Vatandaşa ensar-muhacir edebiyatı yapan işverenler
Türkiye’nin önde gelen sorunlarının başında sığınmacı meselesi ve her geçen gün kötüye giden ekonomi geliyor. Sayıları günden güne artan sığınmacılar, Türkiye ekonomisi için tehdit unsuru oluşturuyor.
Türkiye ekonomisini anlatmaya gerek yok, görüyorsunuz! Rekor üstüne rekorlar..
İki meseleyi ise ortak noktada birleştiren bir konu var: sığınmacıların işgücüne katılımı.
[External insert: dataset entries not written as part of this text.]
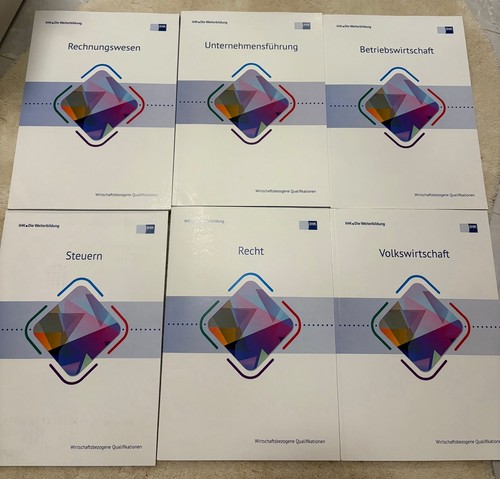 Wirtschaftsfachwirt ihk - wirtschaftsfachwirt,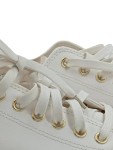 Vorschaubild 2 von Damen Sneaker low Weiß Gr. 37 Casual Freizeit Schuhe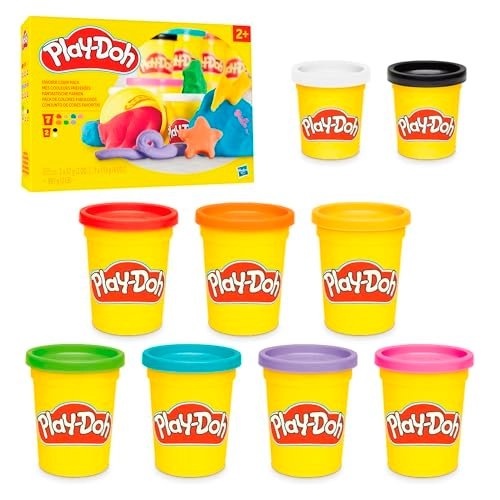 FAVORITE COLOR PACK - Dough 1.11 Kilograms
Türkiye’de ‘ucuz işgücü’ olarak algılanan sığınmacılar herhangi bir sosyal güvencesi olmadan çalıştırılıyor.
Gelelim esas meseleye.
Hatırlatmak lazım; Süleyman Soylu, “fabrikanda Suriyeliyi çalıştır, sömür, sigortasını yaptırma. Sonra ayak ayak üstüne at, ‘Ne olacak bu Suriyelilerin hali’ de. Bir milyon insan gidecek. Kim isyan edecek biliyor musun? O iş sahipleri” demişti.
AKP Kayseri Milletvekili Hülya Atçı Nergis de katıldığı canlı yayında Suriyelileri ‘ucuz işgücü’ olarak tanımlamıştı.
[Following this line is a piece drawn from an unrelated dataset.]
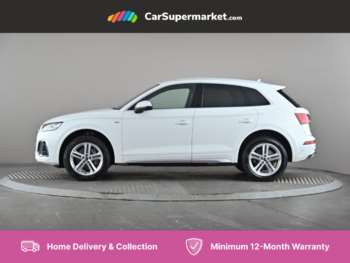 Used Audi Q5 2022 for sale - 74639780: Photo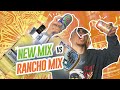 NEW MIX VS RANCHO MIX - Original vs Clon 8 - Lalo Elizarrarás.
İşin ilginç tarafı ise Uluslararası Çalışma Örgütü’nün (ILO) üyesi olan Türkiye’nin Çalışma ve Sosyal Güvenlik Bakanı ‘çıt’ çıkartmamıştı.
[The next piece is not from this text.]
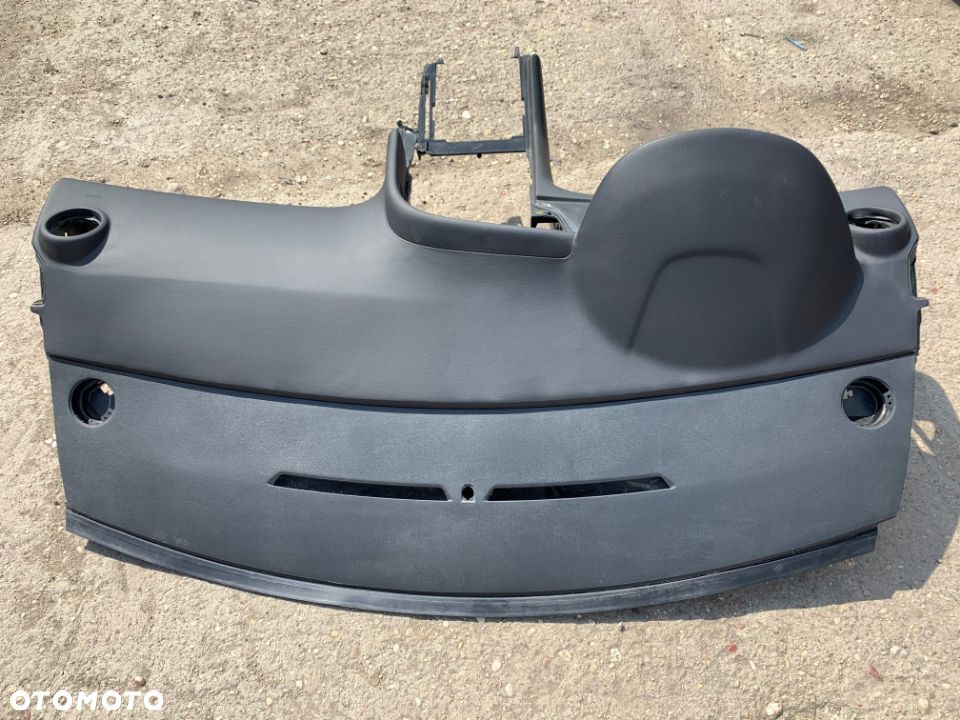 PEUGEOT 3008 DESKA KONSOLA KOKPIT PULPIT PÓŁKA PARAPET AIRBAG miękka pod wystrzał OKAZJA !!! Raz2 - 2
ILO, ‘insana yaraşır iş’ kapsamında üretken ve adil bir ücret getiren, güvenli, sosyal koruma sağlayan, eşitlikçi vs. bir iş ortamından bahsediyor.
Türkiye’de, ensar-muhacir edebiyatı yapanlar, ILO’nun bu standartlarından hangisini göz önünde bulundurarak sığınmacı çalıştırıyor? Tabi ki hiçbiri.
Türk halkı iş beğenmiyor, gençler çalışmak istemiyor yalanlarıyla ‘emek sömürüsü’ üzerinden yeni bir düzen kurulmak isteniyor. Böylece ucuz işgücü bahanesiyle sömürülen, insanın en kutsal değerlerinden biri olan ‘emek’ oluyor.
Kaldı ki, Türkiye’de ücretli çalışanların neredeyse yarısı asgari ücrete çalışıyor. Yani hukuki olarak verebileceğiniz maaşın en düşük seviyesinde. Bu da demek oluyor ki; işveren bu seviyenin de altında maaş vermek istediği için sığınmacıları çalıştırıyor. Bu da yabancıların kaçak yolla çalıştırıldığı anlamına geliyor.
Yargıtay’ın kaçak çalıştırana ‘ülkede kalmaya imkan sağlama’ sebebiyle onadığı hapis cezaları var. İşveren ‘ucuz işgücü’ bahanesiyle emek sömürüsünden vazgeçmeli, yasalara aykırı hareket etmemelidir. Böylece göçü özendirmenin de önüne geçilecektir.
Bu sayede iş bulma bahanesiyle Türkiye’ye akın edenlerin önüne geçilebilir, işsizlik sorununa basit ama etkili bir çözüm yolu bulunabilir. En önemlisi de kendi ülkelerinde yeterli ‘teknik’ eğitim almamalarına rağmen Türkiye’de çalışan sığınmacılar yüzünden düşen ‘verimlilik’ yeniden yukarılara çekilerek ‘üretim ekonomisi’ canlandırılabilir.